Key words

1 Introduction

High-throughput sequencing technologies have revolutionized biodiversity studies of prokaryotes and are increasingly used to study whole communities. In rivers, which are diverse environments with different sub-habitats that are closely linked to adjacent terrestrial biomes, the collection and analysis of eDNA offer unprecedented monitoring opportunities. Collection of viable riverine microbiological samples, however, is often confounded by the remoteness and inaccessibility of sampling sites. In addition to this, increasingly open access to research data creates a need for data interoperability and so a need for standardized procedures to ensure consistency between datasets. Mega-sequencing campaigns, such as the Earth Microbiome Project or Ocean Sampling Day (OSD) [1, 2], can help this goal by driving the development of cost-effective protocols and analysis methods.

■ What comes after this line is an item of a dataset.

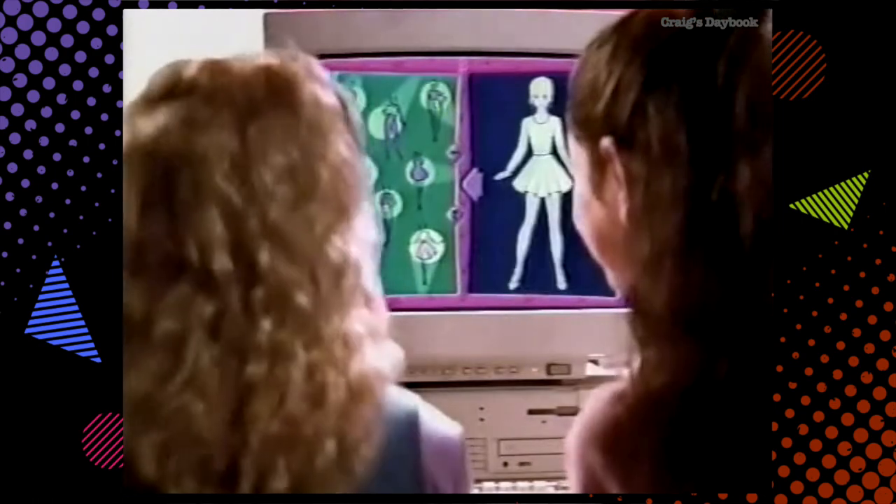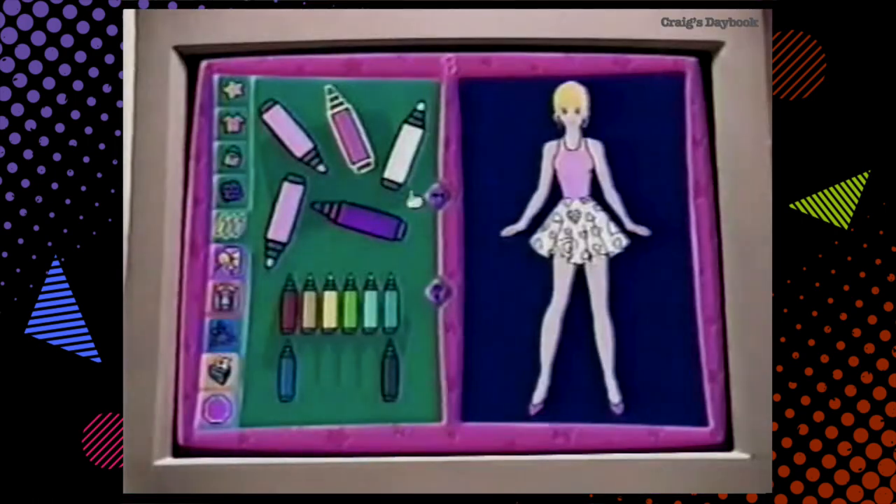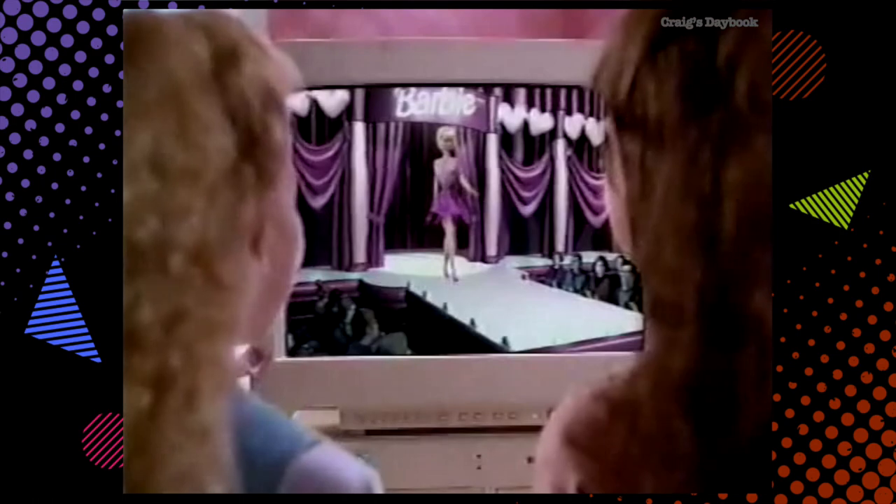What do you want to make? A party dress. You're the fashion designer. It's completely up to you. You design what you want. It's a dream come true. Look at our outfit.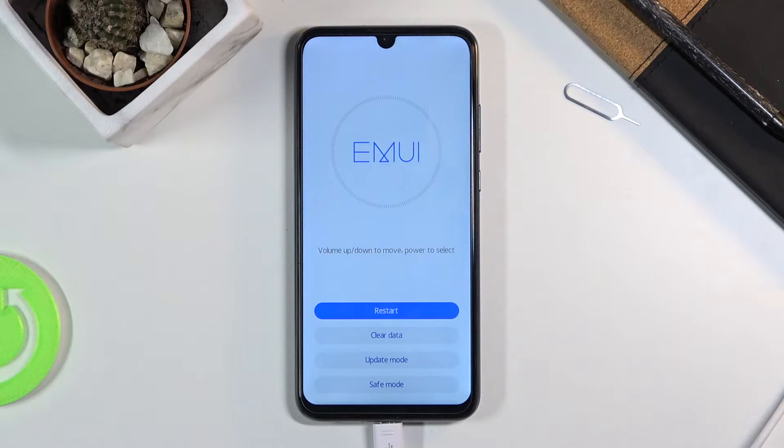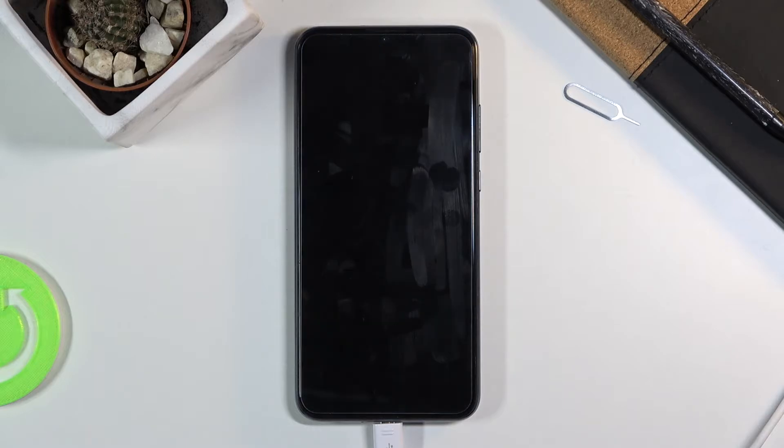From here all you need to do now is tap on safe mode. Once you do, the device will reboot.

Here, I describe the standardized procedures to collect and analyze DNA samples for River Sampling Day (RSD) (part of Ocean Sampling Day [2]), a simultaneous sequencing campaign collecting a time series of ocean and river microbial data from the June and December solstices each year in rivers worldwide on the same day. Low-cost, manual sampling tools are utilized to collect riverine water column samples, which can subsequently be extracted for 16S, 18S, metabarcoding , or shotgun sequencing . I then proceed to describe the preparation of raw Illumina MiSeq amplicon data for analysis, followed by a description of an analysis pipeline for the open-source statistics software package R. The sampling protocol is based on methods used in the Freshwater Biological Sampling Manual [3] and the methods used at the Western Channel Observatory in the UK [4].

2 Materials

2.1 Sample Collection

  1. 1.

    Sterivex 0.22 μm filter cartridge SVGPL10RC (male luer-lock outlet, Millipore, UK) or SVGP010 (male nipple outlet, Millipore, UK).

  2. 2.

    RNAlater (Thermo Fisher Scientific, Loughborough, UK, or Ambion Inc., Austin, Texas).

  3. 3.

    Luer-lock syringes, 3 mL (e.g., Medisave, Weymouth, UK).

  4. 4.

    High-pressure sampling bottle fitted with bicycle valve and tube outlet, 10 % acid washed (e.g., Nalgene™ Heavy-Duty PPCO Vacuum Bottle, Thermo Fisher Scientific, Loughborough, UK). See Fig. 1 for illustration.

    Fig. 1
    figure 1

    Field sampling bottle with altered screw top to allow pressurized filtering

  5. 5.

    PTFE tubing.

  6. 6.

    Two hose clamps to secure PTFE tubes.

  7. 7.

    Bicycle pump.

  8. 8.

    Nitrile gloves.

  9. 9.

    70 % ethanol to clean gloves/equipment.

  10. 10.

    Sterilized sticky tac (e.g., Blu-Tac).

2.2 Sample Preparation

  1. 1.

    DNA extraction solution, e.g., a commercial kit

  2. 2.

    Sterile consumables and shakers/bead beaters/centrifuges required for DNA extraction method of choice.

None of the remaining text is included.